The Imari porcelain is a type of porcelain initially produced in Japan, which rapidly spread in the rest of the East and in Europe for its preciousness and elegance.
Historical background on the porcelain
Before everything, it is good to be reminded that the Oriental were producers of porcelain a thousand years before the Europeans. Everything was born with the Chinese word kao-ling, which is “high hill” then made closer to French kaolin, which is our kaolin.
It is aluminum’s silicate hydrous and it is the main component of hard porcelain together with petun-tze. Both of them, merged with water, create a dough which is then modeled is put in the oven to cook. At this point, the result is a white and bright product, compact and waterproof which is hard porcelain.

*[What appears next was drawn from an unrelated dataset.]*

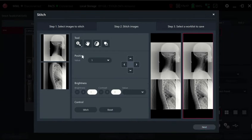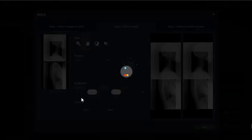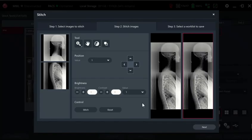You can fine-tune the image here if you want by clicking on the arrows and moving them around, but we won't do that now. You click the stitch button and then you click next.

The word porcelain derives from the Portuguese term porsolana which is the name given to the Concha Venerea, a shell of the Eastern seas which, similar in brightness and strength, reminds of the actual porcelain.
The Imari porcelain
Among the different types of porcelain produced in the East a very popular type was produced in Japan, at Arita in the peninsula of Hizen. The name of the harbor of Arita, starting point for the exportation of this product towards the Netherlands, was Imari.
The name of the type of decoration of the porcelain which invaded the East and which was very liked in the West during the 17th and the 18th century was born exactly from here. The Imari decoration represents motifs inspired by decorations for textures, especially in the tones of the red above the varnish and blue below the varnish and gold.

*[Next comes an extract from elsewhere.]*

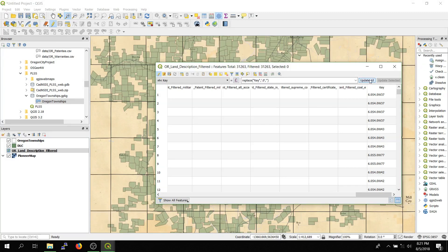So we'll click update all, and that should update that field. It might take a little bit because it's kind of a large table.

Plates, vases, potiches, cache-pots were decorated with plants, floral motifs, flower pots among Greek frets and reserves which often intersects them or again fantastic animals, dragons and Pho’s dogs or minimal landscapes with pagodas and rocks. Imari porcelain reached great prestige in the 17th century also thanks to the important contribution given by the ceramist Sakaida Kakiemon.

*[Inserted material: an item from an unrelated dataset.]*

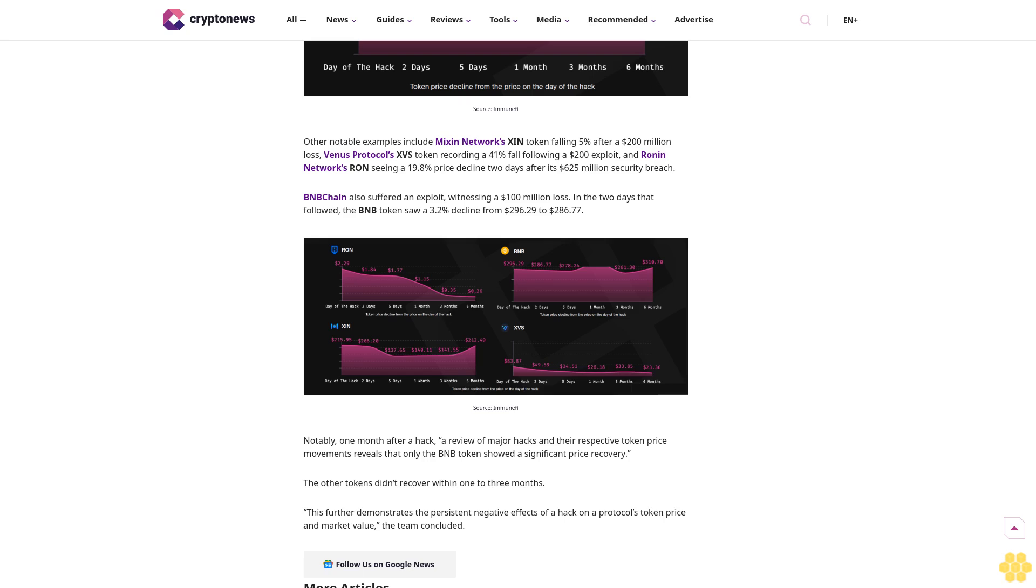It confirmed that the amount lost is only part of the total damage. Token prices significantly declined following a hack, further extending the losses specifically due to market impact. Among the observed projects, Euler Finance's EUL token recorded the highest loss within the first two days after its $197 million hack - the price fell 58% from $6.33 to $2.68.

The popular decoration Kakiemon, with small flowers, used varnished colours above the varnish and was among the most sought-after porcelains and then imitated by the European manufactories in the 18th century.
The importance of the Imari porcelain became a fashion and a true competition to ownership by some of the most prestigious families. With these porcelains they decorated in “Oriental style” either corners, or consoles with big vases or simple fireplaces’ cassettes or centrepieces. The important work of the bronze-makers sided this market, since often the porcelains were mounted with handles, rims or bronze bases finely chiseled and the result were works of art of refined elegance.